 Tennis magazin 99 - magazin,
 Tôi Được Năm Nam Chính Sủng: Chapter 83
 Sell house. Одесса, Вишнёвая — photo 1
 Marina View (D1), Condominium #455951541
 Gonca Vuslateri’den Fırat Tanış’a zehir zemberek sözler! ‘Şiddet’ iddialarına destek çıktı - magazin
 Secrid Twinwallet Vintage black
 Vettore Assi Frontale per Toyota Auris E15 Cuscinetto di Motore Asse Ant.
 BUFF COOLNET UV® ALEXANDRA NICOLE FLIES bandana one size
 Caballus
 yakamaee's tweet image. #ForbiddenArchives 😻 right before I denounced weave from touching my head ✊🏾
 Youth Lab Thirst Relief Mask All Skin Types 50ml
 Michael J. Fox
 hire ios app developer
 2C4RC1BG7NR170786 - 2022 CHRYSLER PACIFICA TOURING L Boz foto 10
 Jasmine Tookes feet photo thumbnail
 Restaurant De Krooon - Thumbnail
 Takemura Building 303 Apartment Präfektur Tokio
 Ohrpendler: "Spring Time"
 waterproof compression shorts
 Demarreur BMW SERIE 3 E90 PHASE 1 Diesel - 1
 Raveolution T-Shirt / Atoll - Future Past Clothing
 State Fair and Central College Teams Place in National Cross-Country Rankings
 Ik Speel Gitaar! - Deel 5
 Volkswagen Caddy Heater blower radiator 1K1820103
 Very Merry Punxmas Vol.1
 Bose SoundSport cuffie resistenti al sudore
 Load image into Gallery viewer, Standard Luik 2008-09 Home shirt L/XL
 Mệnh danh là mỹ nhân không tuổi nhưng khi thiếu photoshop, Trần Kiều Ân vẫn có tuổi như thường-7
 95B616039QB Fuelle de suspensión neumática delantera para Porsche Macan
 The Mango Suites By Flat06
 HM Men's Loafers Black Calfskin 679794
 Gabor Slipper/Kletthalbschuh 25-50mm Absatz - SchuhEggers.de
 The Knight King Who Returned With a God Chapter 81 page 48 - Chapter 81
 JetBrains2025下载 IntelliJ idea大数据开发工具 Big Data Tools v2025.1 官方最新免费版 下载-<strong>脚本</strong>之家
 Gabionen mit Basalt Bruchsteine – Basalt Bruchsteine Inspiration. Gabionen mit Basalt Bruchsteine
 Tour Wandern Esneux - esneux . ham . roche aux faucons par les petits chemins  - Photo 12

» About this exercise
Leaving nothing out, print each line above exactly.

» Answer to the exercise
 Tennis magazin 99 - magazin,
 Tôi Được Năm Nam Chính Sủng: Chapter 83
 Sell house. Одесса, Вишнёвая — photo 1
 Marina View (D1), Condominium #455951541
 Gonca Vuslateri’den Fırat Tanış’a zehir zemberek sözler! ‘Şiddet’ iddialarına destek çıktı - magazin
 Secrid Twinwallet Vintage black
 Vettore Assi Frontale per Toyota Auris E15 Cuscinetto di Motore Asse Ant.
 BUFF COOLNET UV® ALEXANDRA NICOLE FLIES bandana one size
 Caballus
 yakamaee's tweet image. #ForbiddenArchives 😻 right before I denounced weave from touching my head ✊🏾
 Youth Lab Thirst Relief Mask All Skin Types 50ml
 Michael J. Fox
 hire ios app developer
 2C4RC1BG7NR170786 - 2022 CHRYSLER PACIFICA TOURING L Boz foto 10
 Jasmine Tookes feet photo thumbnail
 Restaurant De Krooon - Thumbnail
 Takemura Building 303 Apartment Präfektur Tokio
 Ohrpendler: "Spring Time"
 waterproof compression shorts
 Demarreur BMW SERIE 3 E90 PHASE 1 Diesel - 1
 Raveolution T-Shirt / Atoll - Future Past Clothing
 State Fair and Central College Teams Place in National Cross-Country Rankings
 Ik Speel Gitaar! - Deel 5
 Volkswagen Caddy Heater blower radiator 1K1820103
 Very Merry Punxmas Vol.1
 Bose SoundSport cuffie resistenti al sudore
 Load image into Gallery viewer, Standard Luik 2008-09 Home shirt L/XL
 Mệnh danh là mỹ nhân không tuổi nhưng khi thiếu photoshop, Trần Kiều Ân vẫn có tuổi như thường-7
 95B616039QB Fuelle de suspensión neumática delantera para Porsche Macan
 The Mango Suites By Flat06
 HM Men's Loafers Black Calfskin 679794
 Gabor Slipper/Kletthalbschuh 25-50mm Absatz - SchuhEggers.de
 The Knight King Who Returned With a God Chapter 81 page 48 - Chapter 81
 JetBrains2025下载 IntelliJ idea大数据开发工具 Big Data Tools v2025.1 官方最新免费版 下载-<strong>脚本</strong>之家
 Gabionen mit Basalt Bruchsteine – Basalt Bruchsteine Inspiration. Gabionen mit Basalt Bruchsteine
 Tour Wandern Esneux - esneux . ham . roche aux faucons par les petits chemins  - Photo 12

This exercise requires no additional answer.